産業能率大学 教員行動・学習行動・学修成果の可視化によるアクティブ・ラーニングの深化
テーマⅠ・Ⅱ複合型
事業期間:2014年度~2019年度
【取組の概要】
本取組は、教育支援センターの新設および学習支援センターの機能強化により、授業における教員と学生のパフォーマンス(学生の発言数、教員と学生の対話数、事前課題に対するフィードバック時間など)を測定したスタッツデータ、授業外学習時間などの学生の学習行動データ、および知識・技能・態度の3側面から把握した学修成果の分析に基づき、教育方法や授業外課題の質量などの改善を図り、深い学びと学修成果を伴った教育の実現に取り組むものである。事業実施にあたっては、本学通信教育部門の学修成果の評価方法や提携先である湘南ベルマーレのデータ測定・分析ノウハウなど、産業能率大学のすべてのリソース(ALL産能)を投入して成果を最大化し、大学教育における先導的事例を創出する。
【取組のポイント】
➢教育方法の改善
➢教育プログラムの改善
➢学習支援の強化
➢学修成果の多面的把握
➢高大接続の強化
➢事業成果の三方発信
【キーワード】
「授業内スタッツデータ」、「学修成果の可視化」、「リーディング量・ライティング量」、「授業外学習」、「高大接続」、「主体的学習者」
【人材育成目標】
本学の育成する人材像は、経営・マーケティングに関する知識とスキルを修得し、社会において活躍するビジネスパーソンを育成することを目的としている。社会人としての基本とビジネス実務の知識・スキルを身につけ、経営・マーケティングに関する知識とスキルを修得し、社会の変化に対応しうる問題解決能力、ビジネスセンス、実行力を養い、社会において活躍するビジネスパーソンを育成する。
【教育上の課題】
本補助事業終了後も本取組を継続・発展させていくため、2017年度に体制強化につながる2つの機関決定を行った。第一に、2018年度に教育支援センターに教育改革の専門人材として事業を発展的に実施していく役割を担う専任職員を配置し、第二に、同年度に本取組を推進するために設置したユニットの1つ(教学ユニット)の事業を発展的に継続するため、地域創生・産学連携研究所を創設する。地域創生・産学連携研究所は、大学の教職員のみならず、社会人教育部門のスタッフも参画し、ALL産能で、本学の特色であるPBL(Project
Based Learning)を主とした地域創生ならびに産官学金との連携を強化し、学外機関との相乗効果を創出する仕組みをつくることを目指す。これらの体制強化により、本事業の発展的推進および内製化を加速していく。
【これまでの取組、実績・成果】
<取組>
授業内スタッツデータの測定、分析、結果の活用という一連の事務フローを確立することができ、2017年度は、過去最多の測定科目数となる年間116科目の測定を無事完了した。授業内スタッツデータを分析して、学生から高い評価を得た特色ある授業を抽出し、FD研修会で授業研究を行った。撮影した授業風景を視聴しながら優れたアクティブ・ラーニング手法等について具体的に共有できたことは、学生の深い学びを伴う教育の実現を目指す組織風土の醸成に大きく寄与した。このような取組の結果、アクティブ・ラーニングのさらなる推進に成功し、AP採択前に比べて高次のPBL科目数も増加した。

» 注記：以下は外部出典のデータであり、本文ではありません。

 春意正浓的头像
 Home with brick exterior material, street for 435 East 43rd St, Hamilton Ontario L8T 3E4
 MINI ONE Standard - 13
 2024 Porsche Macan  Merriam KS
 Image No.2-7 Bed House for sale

授業外学習の詳細をシラバスに明記し、授業外学習の成績評価の割合を20%以上とするルールが定着した。さらに、学生の授業外の学習時間、リーディング量、ライティング量の調査方法を確立し、必修科目を中心に調査を安定的に実施できるようになった。本取組の結果、学生の間で授業外学習時間を含めて学習計画を立てることが一般化し、学生の授業外学習時間は飛躍的に伸び、授業内外の一体的な学習を通じた深い学びが促進された。

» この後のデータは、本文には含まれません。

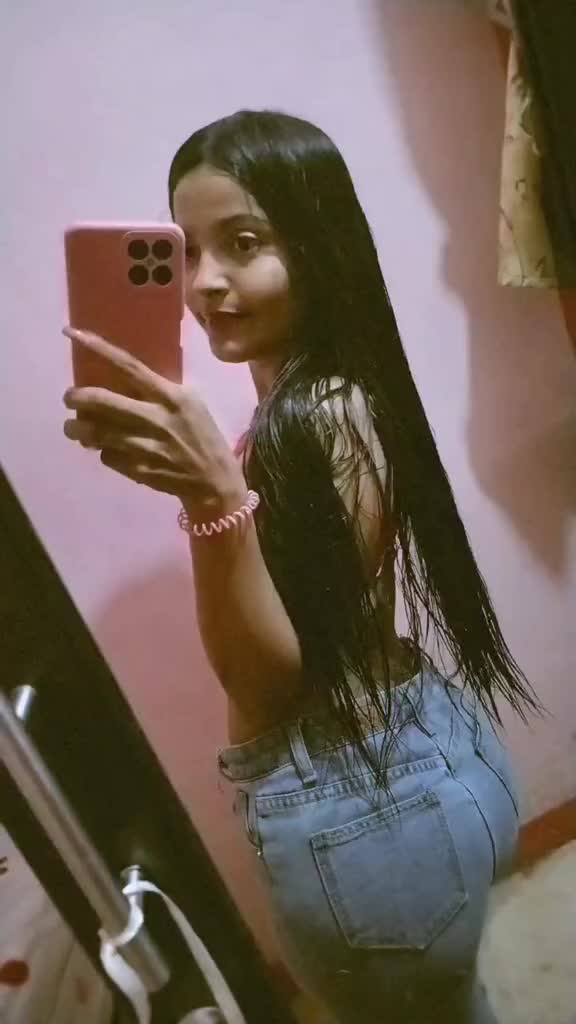 @Clau✨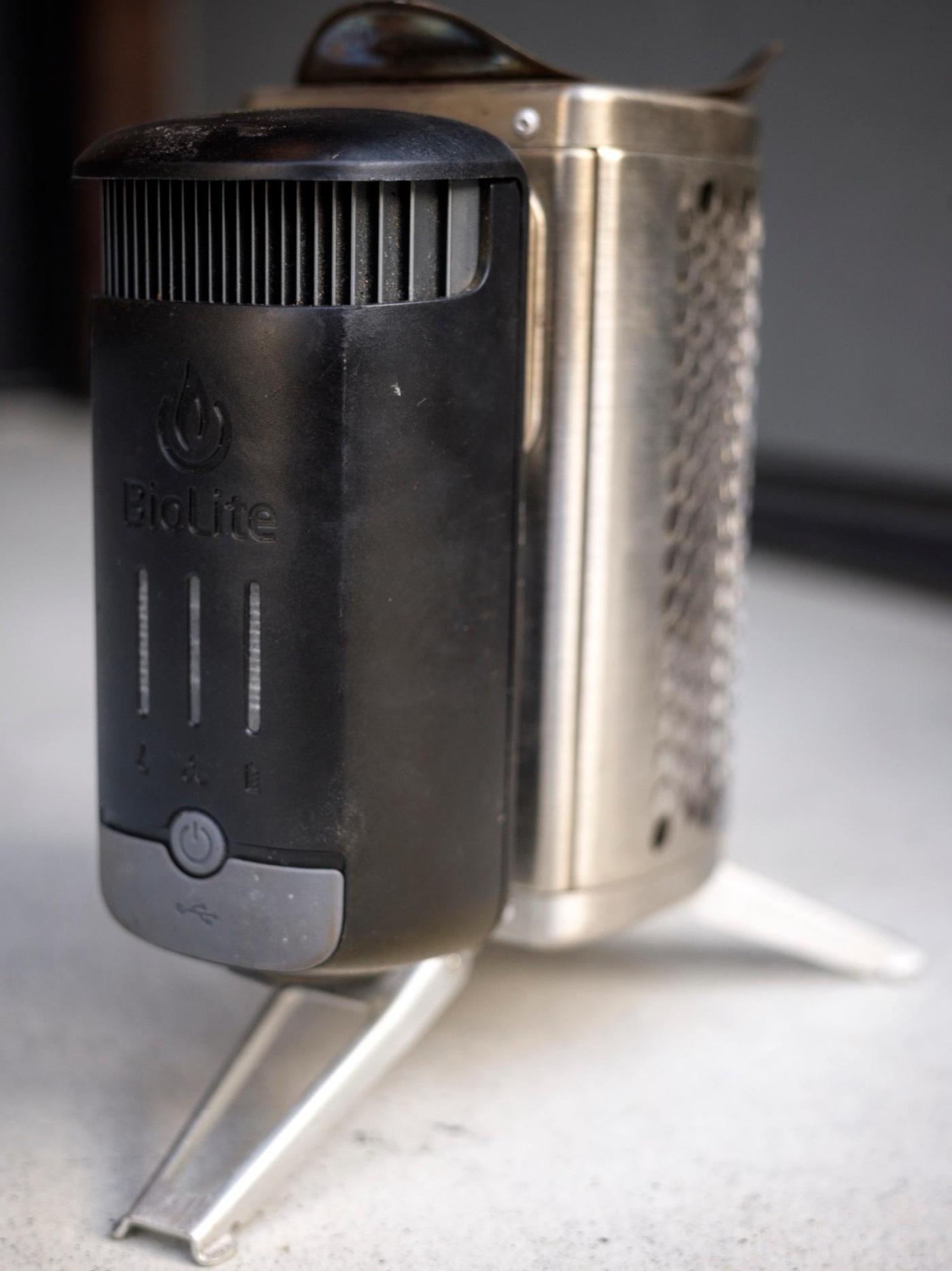 モジュールを取り付けたCampStove 2 PLUS。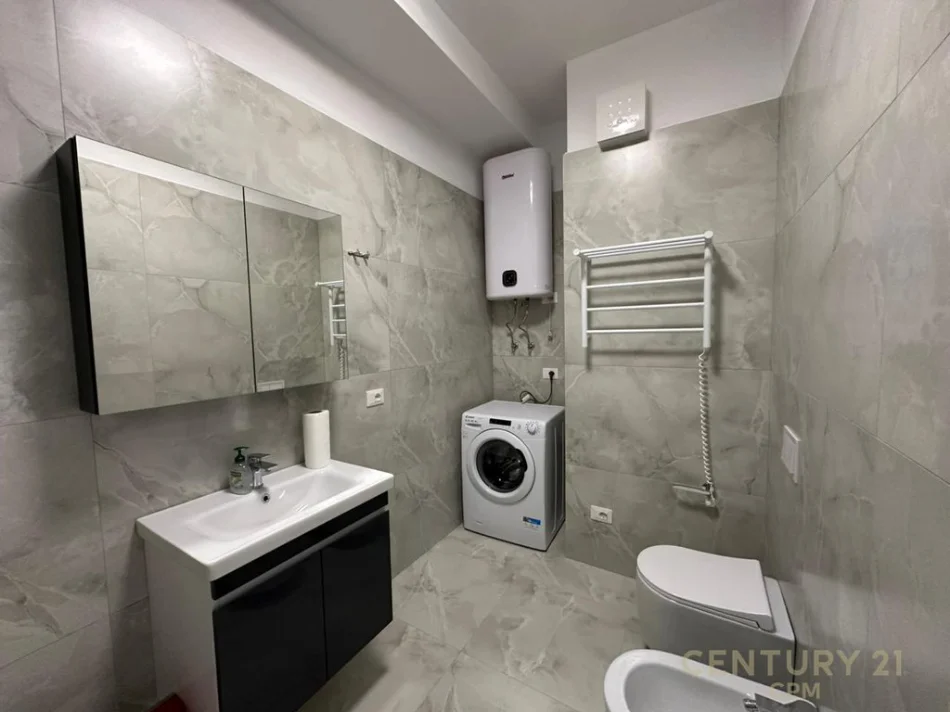 Tirane, jepet me qera apartament 1+1 Kati 6, 55 m² 750 € (komuna e parisit)
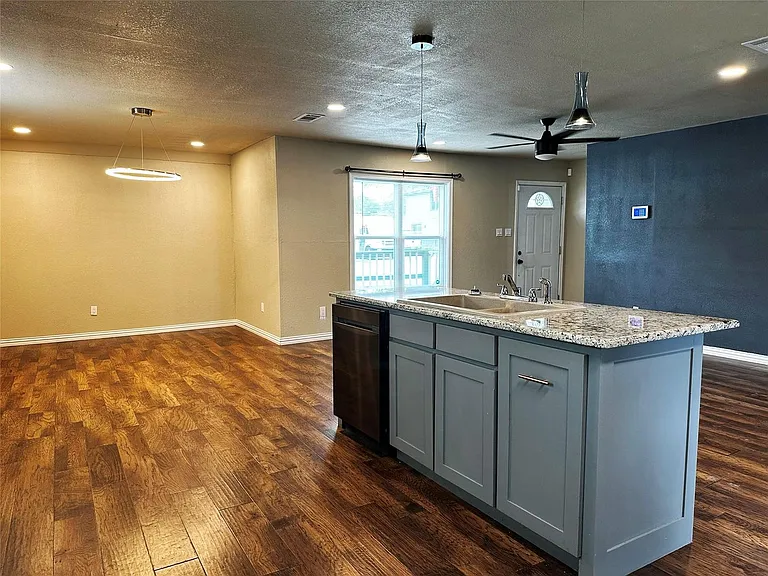 3144 Gordon Ave — Photo 8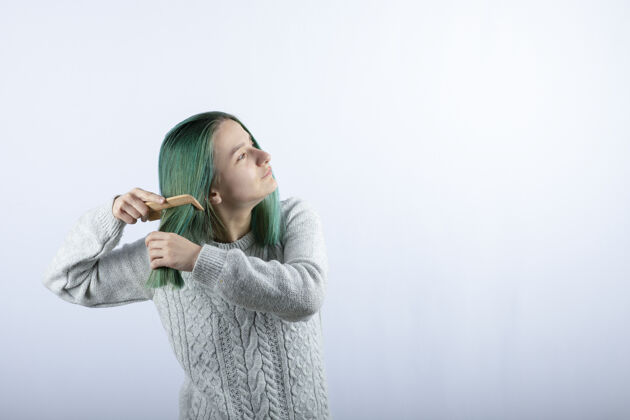 肖像绿色头发的女孩在灰色头发上梳头发的画像漂亮女人可爱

本補助事業で整備したラーニングコモンズの授業外学習スペースとしての認知が浸透し、多様な学習場面で活用されるようになり、学生の授業外の学びが促進された。学生が授業外で他の学生の学習を支援(ピア・サポート)する学生ボランティア「Shares(シェアーズ)」を組織し、学習支援センター主催の課外講座の開講など授業外学習支援を強化した。
技能・態度到達度調査(PROGテスト)の実施率が向上したことによりGPAおよび学習行動データ等と合わせた総合的な学習指導の質向上につながった。

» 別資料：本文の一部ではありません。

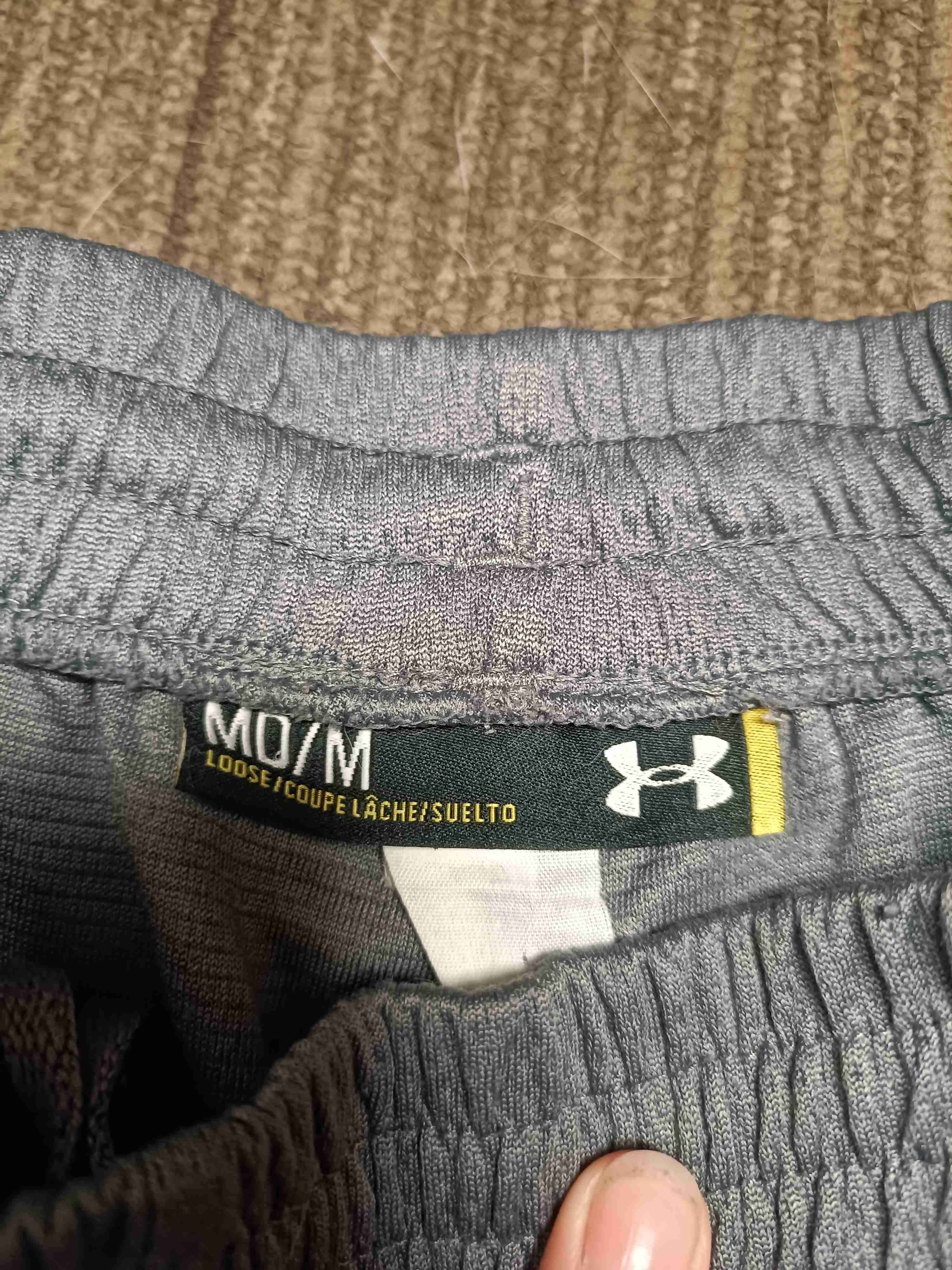 Shorts deportivos grises Under Armour - miniatura 2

高大接続の強化では 「主体的学習者育成プログラムの開発」を行い、のべ5校、543名を対象に試行を行った。実施前後で簡易テストを行い、学生の探究心や自己肯定感などのスコアに変化が見られることを確認した。
<実績・成果>
・授業内スタッツデータの測定、分析、結果の活用という一連の業務フローを確立
・学生の授業外の学習時間、リーディング量、ライティング量の調査方法を確立
・学習支援センターによる授業外学習の支援件数の増加
・学生一人一人に寄り添った指導が全学的に浸透
・主体的学習者育成プログラムの開発
【今後の取組の計画】
<取組の計画>
本取組は、これまでの第一次教育改革(2006年〜2009年度, 教育基盤の整備)、第二次教育改革(2010〜2013年度,
教育力強化のための組織基盤の整備)につづく、第三次教育改革(2014年度〜)を加速し、教員個人の教育力と組織的な教育力の統合的強化を図ることを目的とする。本取組を通じて、アクティブ・ラーニング等の教育方法の効果的活用や学生の学習支援などを通じて、いかに学生の学びの質を高めることができるか(ディープラーニング)、学びの成果を多面的に把握し、いかに教育方法等の改善を加速できるかにこだわって改革を進め、2020年の将来ビジョンとして掲げた「実践的なカリキュラムと学習者中心の教育内容が高い評価を得ていること」の実現を確実なものにする。
【本取組における成果と社会へのインパクト】
●授業内の教員および学生の行動データを記録した授業内スタッツデータの測定は他学でも実施可能である。
●授業内スタッツデータと,技能・態度到達度調査など学生の学修成果データを組み合わせて,授業改善を中心に教育力向上を図っていく試みは,多くの高校・大学から先駆的事例として興味・関心が集まっている。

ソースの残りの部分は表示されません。